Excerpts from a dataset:
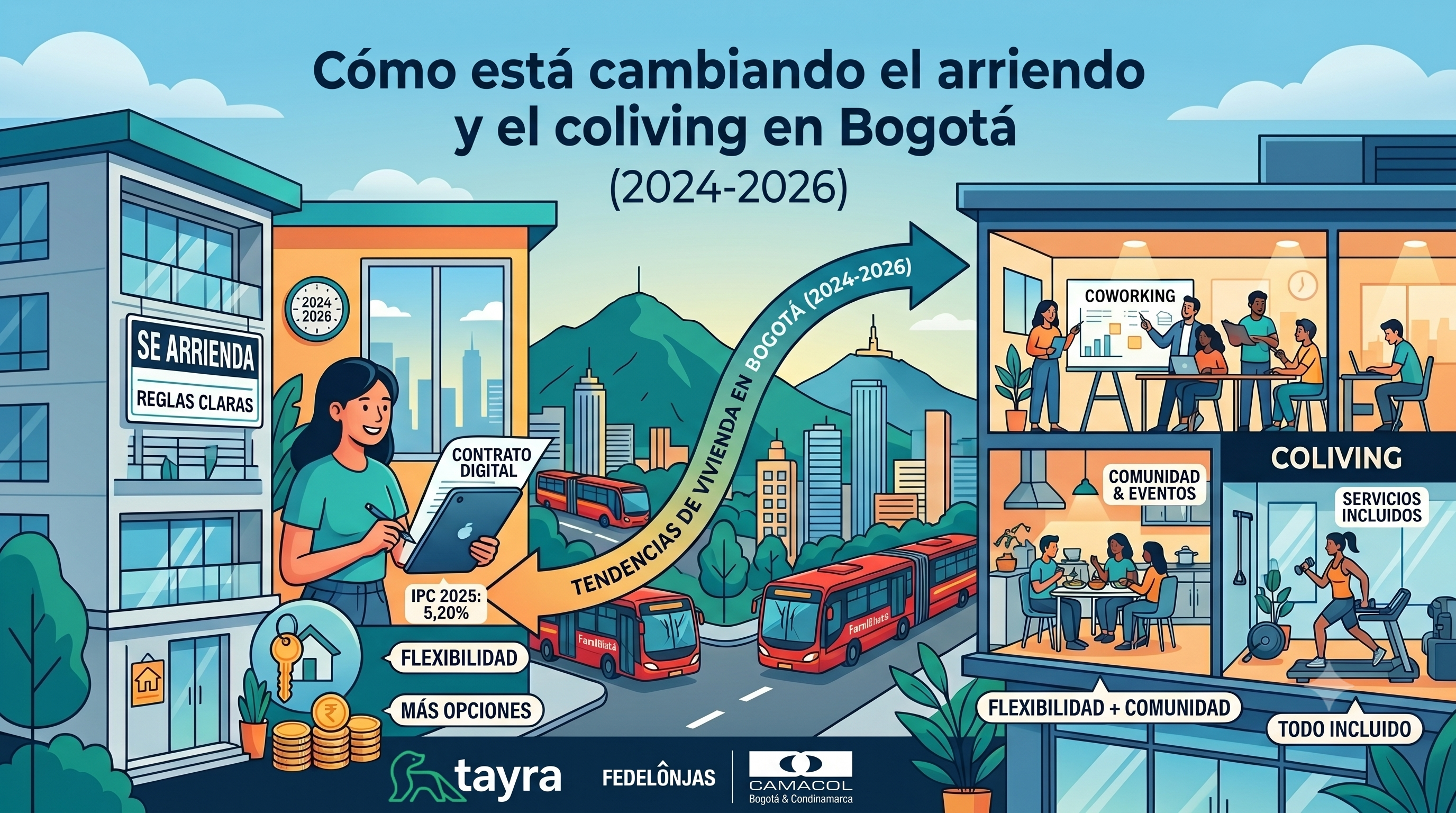 Cómo está cambiando el arriendo y el coliving en Bogotá (2024‑2026)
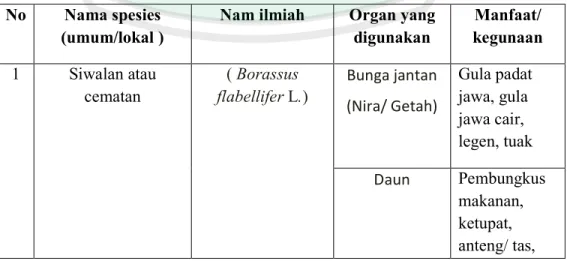 Tabel 4.1 Jenis tumbuhan Arecaceae (Palem-paleman) yang dimanfaatkan  No  Nama spesies 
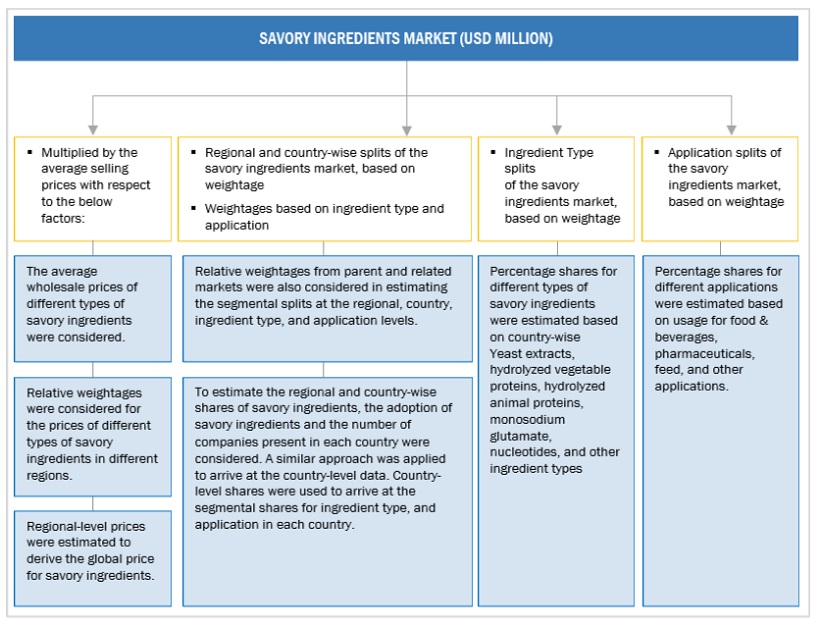 Savory Ingredients Market Top Down Approach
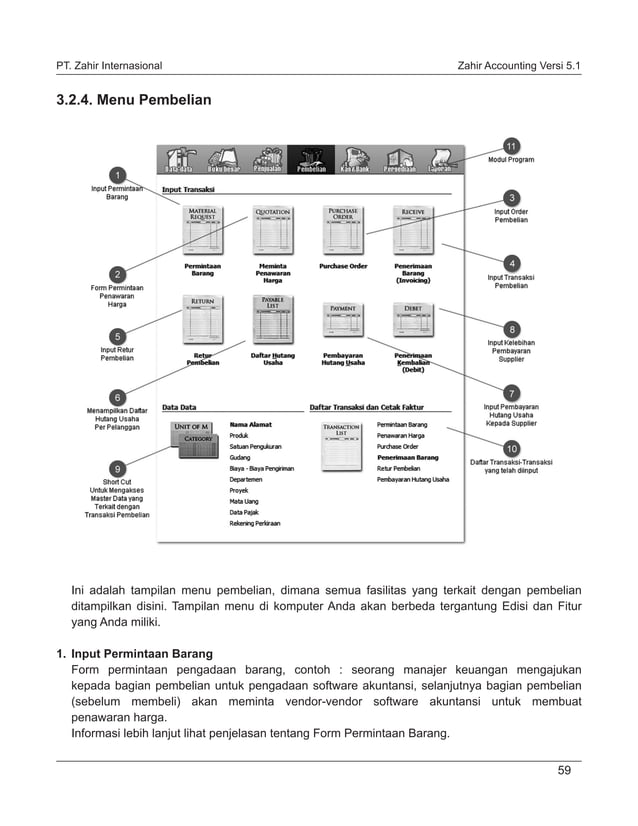 Buku Panduan Zahir Accounting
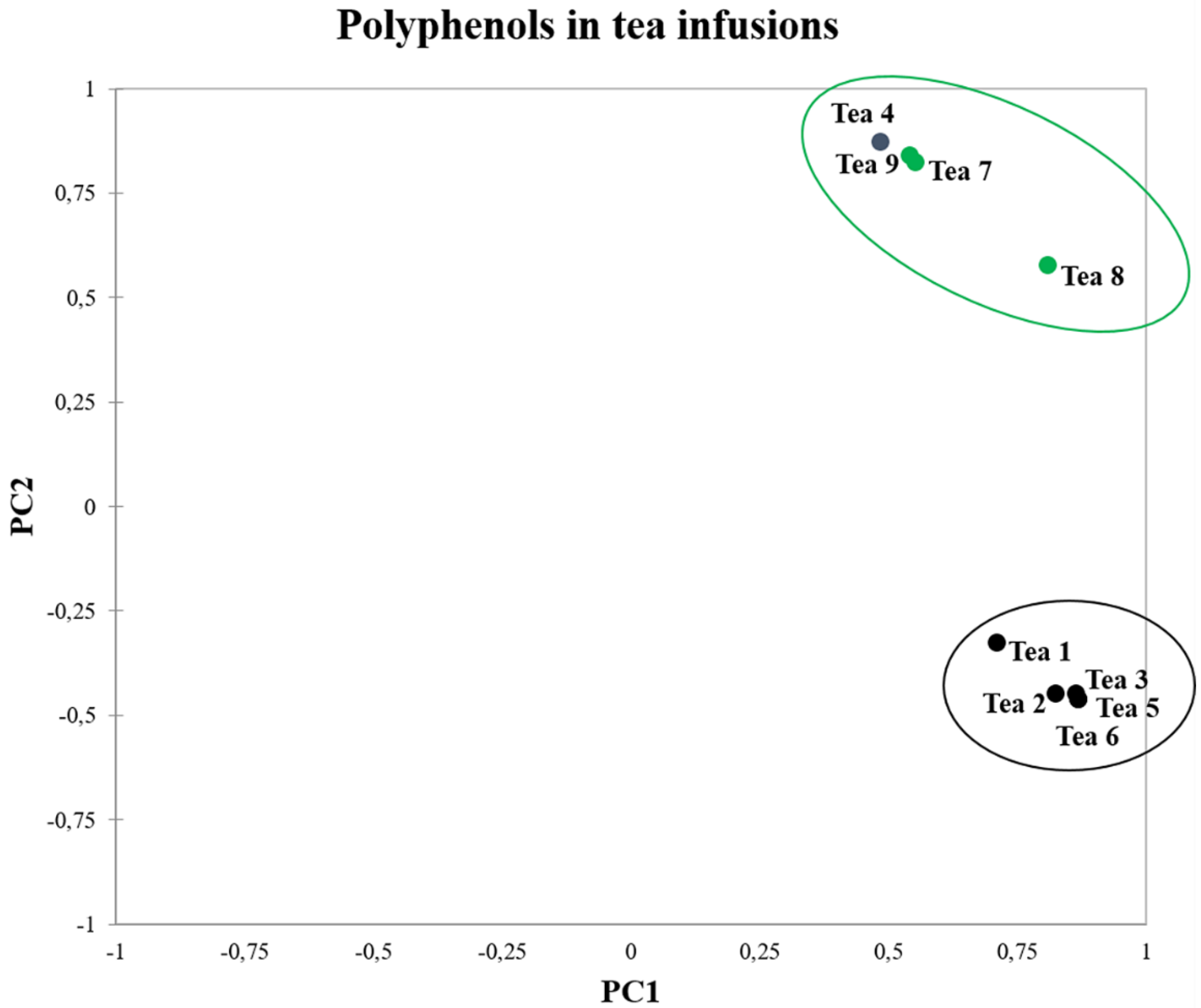 Foods 09 00835 g003 Foods 09 00835 g003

TASK PROMPT:
Exact lines, nothing more: output the one with "Savory Ingredients Market Top Down Approach" and every later line through the end of the data, skipping pictures.

RESULT OF THIS EXERCISE:
 Savory Ingredients Market Top Down Approach
 Buku Panduan Zahir Accounting
 Foods 09 00835 g003 Foods 09 00835 g003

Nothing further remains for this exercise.